(Required action): Set down exactly the lines below between the line holding "A Poderosa Contribuição" and the line holding "14 Cute Cactus", inclusive; no other line belongs in the answer.

╭──

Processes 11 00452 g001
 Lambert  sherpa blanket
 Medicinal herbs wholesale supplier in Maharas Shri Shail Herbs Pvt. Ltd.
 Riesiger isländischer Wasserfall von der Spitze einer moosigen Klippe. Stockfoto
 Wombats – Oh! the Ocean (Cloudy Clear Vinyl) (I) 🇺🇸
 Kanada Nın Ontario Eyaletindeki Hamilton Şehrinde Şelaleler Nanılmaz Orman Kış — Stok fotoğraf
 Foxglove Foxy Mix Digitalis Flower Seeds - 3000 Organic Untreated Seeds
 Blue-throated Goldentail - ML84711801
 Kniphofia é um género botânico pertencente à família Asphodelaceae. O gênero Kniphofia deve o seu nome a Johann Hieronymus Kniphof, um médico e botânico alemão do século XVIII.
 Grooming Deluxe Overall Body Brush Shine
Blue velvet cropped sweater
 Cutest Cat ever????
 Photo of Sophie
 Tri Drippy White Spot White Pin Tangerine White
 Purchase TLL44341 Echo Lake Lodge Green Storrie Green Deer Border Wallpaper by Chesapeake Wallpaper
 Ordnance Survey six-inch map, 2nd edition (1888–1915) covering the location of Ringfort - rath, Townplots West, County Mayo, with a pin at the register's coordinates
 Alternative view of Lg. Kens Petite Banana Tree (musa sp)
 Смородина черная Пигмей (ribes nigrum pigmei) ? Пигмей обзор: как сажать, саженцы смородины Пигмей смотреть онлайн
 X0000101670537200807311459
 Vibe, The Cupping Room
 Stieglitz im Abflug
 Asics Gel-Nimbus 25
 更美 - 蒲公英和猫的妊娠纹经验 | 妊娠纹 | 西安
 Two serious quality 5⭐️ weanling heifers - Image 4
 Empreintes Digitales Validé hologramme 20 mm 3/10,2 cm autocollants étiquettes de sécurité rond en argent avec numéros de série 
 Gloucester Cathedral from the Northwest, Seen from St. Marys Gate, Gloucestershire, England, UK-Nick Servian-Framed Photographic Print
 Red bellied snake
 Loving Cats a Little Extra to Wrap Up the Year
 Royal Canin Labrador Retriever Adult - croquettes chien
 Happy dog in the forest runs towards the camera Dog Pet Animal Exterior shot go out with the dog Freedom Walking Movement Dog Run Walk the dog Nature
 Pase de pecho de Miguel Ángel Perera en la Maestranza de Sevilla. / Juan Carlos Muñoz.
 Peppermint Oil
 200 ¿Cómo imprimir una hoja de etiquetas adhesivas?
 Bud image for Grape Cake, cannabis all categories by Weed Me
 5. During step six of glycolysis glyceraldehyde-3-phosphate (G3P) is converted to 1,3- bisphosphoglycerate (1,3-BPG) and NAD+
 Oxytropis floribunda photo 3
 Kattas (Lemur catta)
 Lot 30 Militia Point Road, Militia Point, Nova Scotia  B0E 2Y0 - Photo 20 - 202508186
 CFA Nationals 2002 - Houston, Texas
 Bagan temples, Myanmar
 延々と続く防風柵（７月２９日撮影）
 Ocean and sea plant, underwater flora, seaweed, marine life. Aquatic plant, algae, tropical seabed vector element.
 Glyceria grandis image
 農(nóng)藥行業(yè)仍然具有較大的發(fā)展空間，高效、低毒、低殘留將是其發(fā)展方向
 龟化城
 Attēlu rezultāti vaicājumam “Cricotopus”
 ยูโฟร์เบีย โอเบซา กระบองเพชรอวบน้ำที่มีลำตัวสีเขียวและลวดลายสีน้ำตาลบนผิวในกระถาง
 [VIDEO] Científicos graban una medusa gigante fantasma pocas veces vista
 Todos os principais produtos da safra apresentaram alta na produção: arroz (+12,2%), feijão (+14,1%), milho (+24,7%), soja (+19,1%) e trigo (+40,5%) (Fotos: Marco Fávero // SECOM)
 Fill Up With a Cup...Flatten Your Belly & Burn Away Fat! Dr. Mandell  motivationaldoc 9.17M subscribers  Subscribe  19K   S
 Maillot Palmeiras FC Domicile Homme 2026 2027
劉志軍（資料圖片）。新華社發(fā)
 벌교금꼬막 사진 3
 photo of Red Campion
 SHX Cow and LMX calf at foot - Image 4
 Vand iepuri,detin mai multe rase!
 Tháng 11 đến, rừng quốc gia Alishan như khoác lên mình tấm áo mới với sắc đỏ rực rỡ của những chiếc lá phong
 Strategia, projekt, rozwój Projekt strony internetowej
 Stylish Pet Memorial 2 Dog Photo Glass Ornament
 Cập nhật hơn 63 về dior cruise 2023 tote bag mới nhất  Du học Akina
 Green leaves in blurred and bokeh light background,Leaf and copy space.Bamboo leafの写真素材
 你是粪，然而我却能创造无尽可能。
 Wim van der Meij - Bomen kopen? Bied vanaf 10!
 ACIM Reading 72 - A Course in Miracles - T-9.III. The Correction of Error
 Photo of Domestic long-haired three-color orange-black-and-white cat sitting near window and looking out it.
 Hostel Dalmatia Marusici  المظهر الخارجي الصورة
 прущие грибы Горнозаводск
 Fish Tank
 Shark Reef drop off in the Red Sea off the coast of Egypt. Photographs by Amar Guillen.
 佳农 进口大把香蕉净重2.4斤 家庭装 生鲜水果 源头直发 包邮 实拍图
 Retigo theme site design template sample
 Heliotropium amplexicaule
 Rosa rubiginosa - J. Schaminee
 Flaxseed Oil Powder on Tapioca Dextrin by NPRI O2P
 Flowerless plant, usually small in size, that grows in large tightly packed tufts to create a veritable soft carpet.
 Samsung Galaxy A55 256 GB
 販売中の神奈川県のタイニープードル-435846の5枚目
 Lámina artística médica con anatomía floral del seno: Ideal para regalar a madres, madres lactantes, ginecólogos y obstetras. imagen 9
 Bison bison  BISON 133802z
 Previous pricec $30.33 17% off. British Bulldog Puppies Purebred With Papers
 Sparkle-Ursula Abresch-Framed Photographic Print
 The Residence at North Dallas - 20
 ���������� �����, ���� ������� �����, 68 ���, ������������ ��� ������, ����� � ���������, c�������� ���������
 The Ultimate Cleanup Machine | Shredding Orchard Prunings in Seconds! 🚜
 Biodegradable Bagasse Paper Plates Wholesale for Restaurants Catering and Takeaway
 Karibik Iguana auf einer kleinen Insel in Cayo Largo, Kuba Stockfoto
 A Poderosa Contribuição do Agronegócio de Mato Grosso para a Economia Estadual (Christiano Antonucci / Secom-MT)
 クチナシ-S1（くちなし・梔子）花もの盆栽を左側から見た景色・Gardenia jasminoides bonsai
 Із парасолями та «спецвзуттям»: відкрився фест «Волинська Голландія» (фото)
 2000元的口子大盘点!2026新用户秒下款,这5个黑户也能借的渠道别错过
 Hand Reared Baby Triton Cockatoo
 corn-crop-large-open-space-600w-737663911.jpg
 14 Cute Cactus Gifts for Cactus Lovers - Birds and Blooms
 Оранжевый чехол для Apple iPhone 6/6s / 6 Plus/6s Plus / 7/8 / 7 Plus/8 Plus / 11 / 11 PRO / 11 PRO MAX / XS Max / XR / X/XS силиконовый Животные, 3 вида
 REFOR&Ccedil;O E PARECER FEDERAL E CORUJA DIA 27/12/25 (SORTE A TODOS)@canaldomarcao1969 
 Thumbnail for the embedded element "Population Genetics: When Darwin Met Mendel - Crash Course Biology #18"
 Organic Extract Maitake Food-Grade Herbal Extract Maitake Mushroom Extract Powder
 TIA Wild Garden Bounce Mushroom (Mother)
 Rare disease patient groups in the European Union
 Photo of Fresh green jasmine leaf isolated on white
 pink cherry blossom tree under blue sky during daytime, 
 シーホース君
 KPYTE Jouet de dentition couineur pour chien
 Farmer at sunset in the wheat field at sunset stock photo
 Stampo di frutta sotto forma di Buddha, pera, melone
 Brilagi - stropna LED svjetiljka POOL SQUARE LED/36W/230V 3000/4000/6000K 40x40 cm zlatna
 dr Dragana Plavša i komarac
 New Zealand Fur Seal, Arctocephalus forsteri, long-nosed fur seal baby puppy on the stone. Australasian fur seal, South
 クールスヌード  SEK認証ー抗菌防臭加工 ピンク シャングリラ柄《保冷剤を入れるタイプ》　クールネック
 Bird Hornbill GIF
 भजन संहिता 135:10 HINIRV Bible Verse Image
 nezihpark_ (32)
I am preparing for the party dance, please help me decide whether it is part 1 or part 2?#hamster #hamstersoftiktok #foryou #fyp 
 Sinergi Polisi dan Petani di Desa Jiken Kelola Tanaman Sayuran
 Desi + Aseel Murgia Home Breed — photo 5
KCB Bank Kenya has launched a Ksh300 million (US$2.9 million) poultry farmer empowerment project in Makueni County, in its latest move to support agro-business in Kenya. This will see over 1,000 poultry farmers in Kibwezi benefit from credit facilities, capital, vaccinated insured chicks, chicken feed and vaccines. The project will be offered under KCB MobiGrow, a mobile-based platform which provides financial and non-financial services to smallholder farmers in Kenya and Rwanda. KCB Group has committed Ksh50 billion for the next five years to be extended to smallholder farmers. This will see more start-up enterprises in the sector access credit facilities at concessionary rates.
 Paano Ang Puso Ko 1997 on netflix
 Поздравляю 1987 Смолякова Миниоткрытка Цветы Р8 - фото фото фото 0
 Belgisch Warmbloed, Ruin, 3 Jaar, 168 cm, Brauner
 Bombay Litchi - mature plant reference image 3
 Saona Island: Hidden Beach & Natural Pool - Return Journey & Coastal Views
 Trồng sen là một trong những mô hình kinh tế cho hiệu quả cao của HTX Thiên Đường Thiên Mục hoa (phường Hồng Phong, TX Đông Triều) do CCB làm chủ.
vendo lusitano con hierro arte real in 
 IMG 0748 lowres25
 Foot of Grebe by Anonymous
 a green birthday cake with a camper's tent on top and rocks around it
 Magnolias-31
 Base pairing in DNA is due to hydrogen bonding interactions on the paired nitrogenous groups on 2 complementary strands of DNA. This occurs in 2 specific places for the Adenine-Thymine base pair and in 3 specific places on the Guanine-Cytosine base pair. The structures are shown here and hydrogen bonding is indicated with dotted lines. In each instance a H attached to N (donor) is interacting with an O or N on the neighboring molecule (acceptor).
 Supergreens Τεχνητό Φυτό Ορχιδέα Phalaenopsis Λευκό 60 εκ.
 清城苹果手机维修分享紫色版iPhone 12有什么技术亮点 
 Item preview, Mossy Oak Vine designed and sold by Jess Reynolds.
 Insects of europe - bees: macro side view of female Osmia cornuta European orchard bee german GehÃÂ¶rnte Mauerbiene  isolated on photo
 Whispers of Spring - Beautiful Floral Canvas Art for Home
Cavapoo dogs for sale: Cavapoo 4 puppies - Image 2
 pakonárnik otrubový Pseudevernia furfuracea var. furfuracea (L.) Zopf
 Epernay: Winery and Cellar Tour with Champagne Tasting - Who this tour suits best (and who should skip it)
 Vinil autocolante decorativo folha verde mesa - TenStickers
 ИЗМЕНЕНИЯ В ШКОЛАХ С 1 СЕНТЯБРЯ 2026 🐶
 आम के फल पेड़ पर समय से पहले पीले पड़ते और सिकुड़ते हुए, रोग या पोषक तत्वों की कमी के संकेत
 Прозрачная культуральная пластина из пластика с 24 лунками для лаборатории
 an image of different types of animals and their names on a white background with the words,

╰──

(Solution to this task):
 A Poderosa Contribuição do Agronegócio de Mato Grosso para a Economia Estadual (Christiano Antonucci / Secom-MT)
 クチナシ-S1（くちなし・梔子）花もの盆栽を左側から見た景色・Gardenia jasminoides bonsai
 Із парасолями та «спецвзуттям»: відкрився фест «Волинська Голландія» (фото)
 2000元的口子大盘点!2026新用户秒下款,这5个黑户也能借的渠道别错过
 Hand Reared Baby Triton Cockatoo
 corn-crop-large-open-space-600w-737663911.jpg
 14 Cute Cactus Gifts for Cactus Lovers - Birds and Blooms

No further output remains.